Traditional typography


In traditional typography, the point referred to the size of the metal block used to carve shapes (glyphs). The size of a Point depended on regional/political affiliations :-). Anglo-american point was about 72.27 points to an inch. Not all shapes would be contained within its metal block base. Some (see g in the picture http://ilovetypography.com/2008/03/23/sunday-type-bright-type/) would also extend (kern) beyond its base. String length would be the sum of metal block widths. The sum of shape widths in a run of characters could differ from the string length due to kerns.

Digital Typography


Digital typography uses co-ordinate grids instead of a metal block. It defines Point (aka DTP point or Postscript point) as 1/72th of an inch. Grid size varies for different fonts. TTF uses grids of 512, 1024 or 2048. The point size used in font names are 'design size'. i.e. a modern 12pt TTF contains glyphs drawn inside a 2048x2048 grid that will look like a 12pt metal typeface when scaled to various digital canvases like a 96dpi screen or 1200 dpi printer.

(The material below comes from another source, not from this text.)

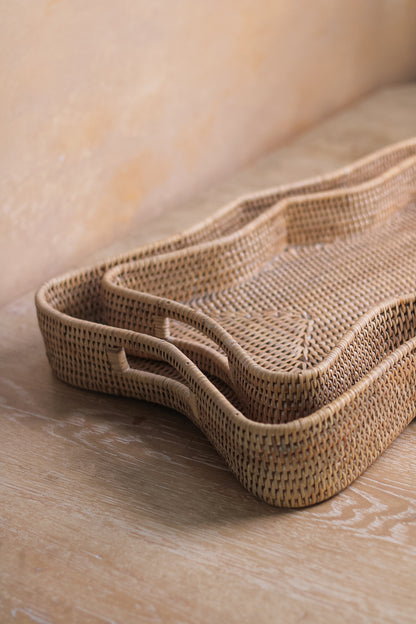 Scalloped Rectangular White Washed Rattan Tray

Though we continue using the term glyph (carving), images are computed on the grid using a pictal process and then scaled to the target canvas. A Truetype font is actually a bytecode program interpreted by a font engine (e.g. Freetype) to scale glyphs at run time. Internally, glyphs are defined in terms of lines and curves in a grid (called em-square) of size 512, 1024 or 2048. Given a canvas (dpi, depth), a glyph code and a point size, the font engine will scale a glyph and tweak them using 'hints' expressed in bytecodes. For instance, stretching a '(' vertically may scale only the middle part and leave the tips alone. The top curve of o in "xo" will slightly overshoot x for good visual flow.

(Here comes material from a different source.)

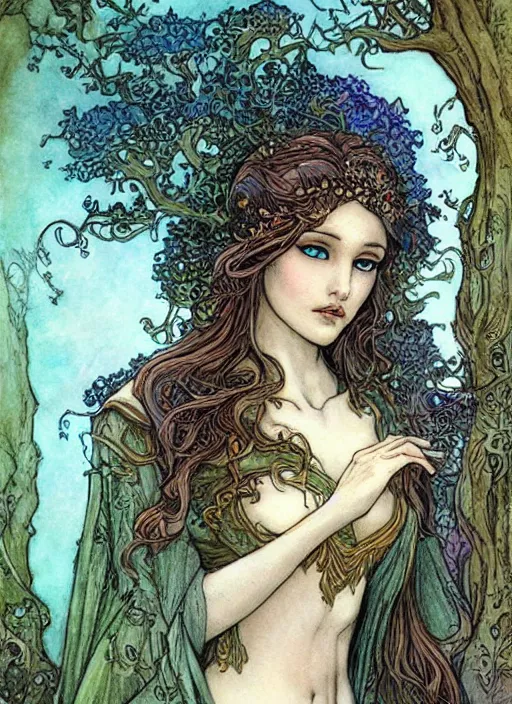 Prompt: a beautiful painting of an elven fairy princess by rebecca guay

However, aesthetic rendering requires a context and a run of characters. The spacing between one character to the next is dictated by kern and direction. Sometimes, adjacent glyphs may coalesce into a more compact or even different shape (e.g. ffi) called a ligature. Runs are handled by a text rendering engine (e.g. Pango, Qt, ghostscript). Of course, the ligated glyph shape should exist in the font.

Fonts in Squeak

Squeak's text printing algorithms only consider boxes and kerns - no ligatures, no hyphenation, no direction. Building a true multilingual layout engine is a non-trivial task. Mac and Wintel have only one shaping engine while Linux has multiple options (Pango, Qt, ICU, m17n, Graphite). Pango and Qt are widely used. Squeak should be able detect and load shaping engines on the fly on Linux or allow command line options to pick a wrapper plugin.

There is also the blue plane approach proposed in FoNC paper - treat text
boxes like graphic objects. A glyph is much more complex than a graphic and needs a specialized editor not only to deal with precisely
proportioned geometric curves but also extract metrics like baselines and kerns for laying out these glyphs in boxes. A Font engine is just a specialized vector graphic editor that avoids intensive geometric computations by caching precomputed shapes in a glyph table. Glyphs could be associated with class level editors. Then when a glyph is missing for a character code, instead of display $?, the editor can be invoked to create a new shape on the fly.